Lionel Messi headlines the first wave of players named to the 2025 MLS All-Star squad, a selection that surprises no one but still carries genuine weight for a league still measuring itself against the standard he arrived to set.
Messi was among 11 players announced in the initial release of the All-Star roster, a group that represents the current elite of a league increasingly difficult to dismiss as a retirement destination. The fact that Messi belongs in that conversation — not as a token name but as a legitimate on-field force — speaks to where Inter Miami and, by extension, MLS stands heading into the second half of the season.
For Miami, the timing matters. The All-Star selection arrives as Inter Miami continues to navigate the Eastern Conference standings with championship expectations that now follow the club regardless of form or fixture list. Messi's presence on an All-Star roster is nearly automatic at this point, but it serves as a reminder of what the club possesses when he's healthy and engaged. When Messi plays, Miami wins at a rate that distorts the conference picture. When he doesn't, the fragility of their depth becomes harder to ignore.

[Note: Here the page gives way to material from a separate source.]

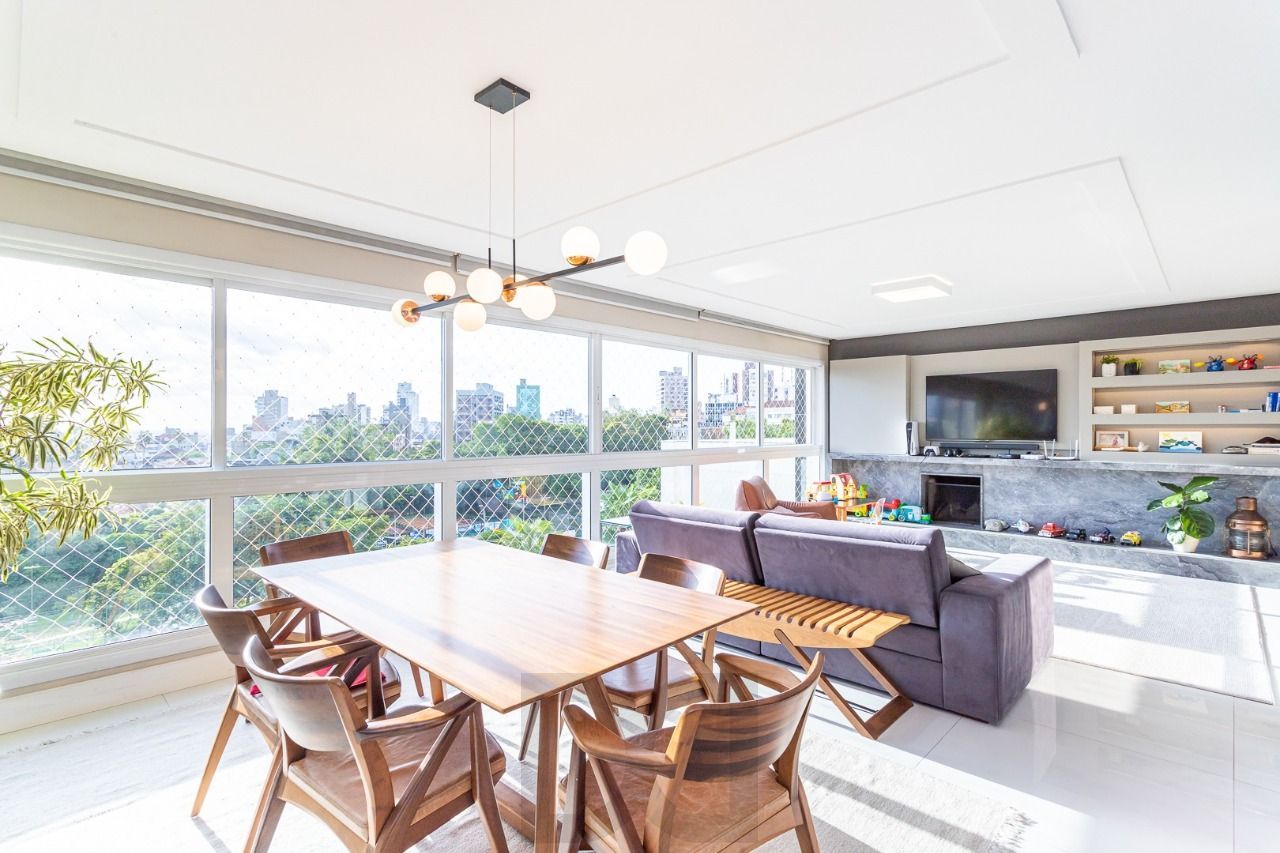 Apartamento com 3 suítes e 161m² à venda em Petrópolis, Porto Alegre. — foto 8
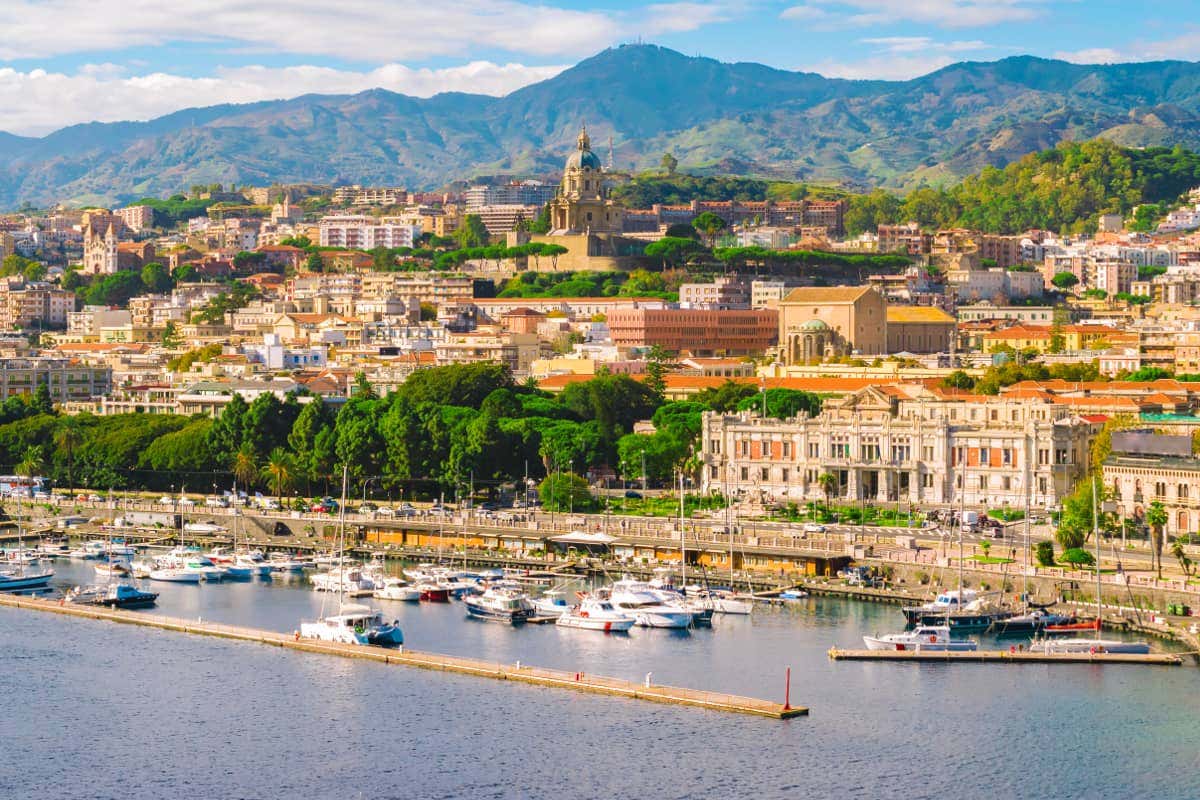 Vista panorámica de Messina en un día soleado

The broader MLS All-Star announcement also signals where the league's marketing machine is focused. Naming Messi among the first 11 — rather than as a late addition or fan-vote beneficiary — is a deliberate choice. The league wants his name attached to the event early, and that calculus makes complete sense given what his participation does for viewership and the game's profile in the United States.
What's less certain is how the All-Star break will affect playoff momentum for the clubs involved. Pulling elite players out of competitive rhythms mid-season carries real risk, particularly for teams in tight conference races where dropped points in July can haunt a playoff push in October. For Inter Miami, any disruption to Messi's conditioning or match sharpness carries outsized consequences.
Still, the selection of 11 players in this first announcement suggests a roster that will grow — and the full picture of which conference's depth dominates the final squad will tell its own story about where genuine MLS quality resides in 2025.
Messi will be watched, as always. But so will everyone named alongside him.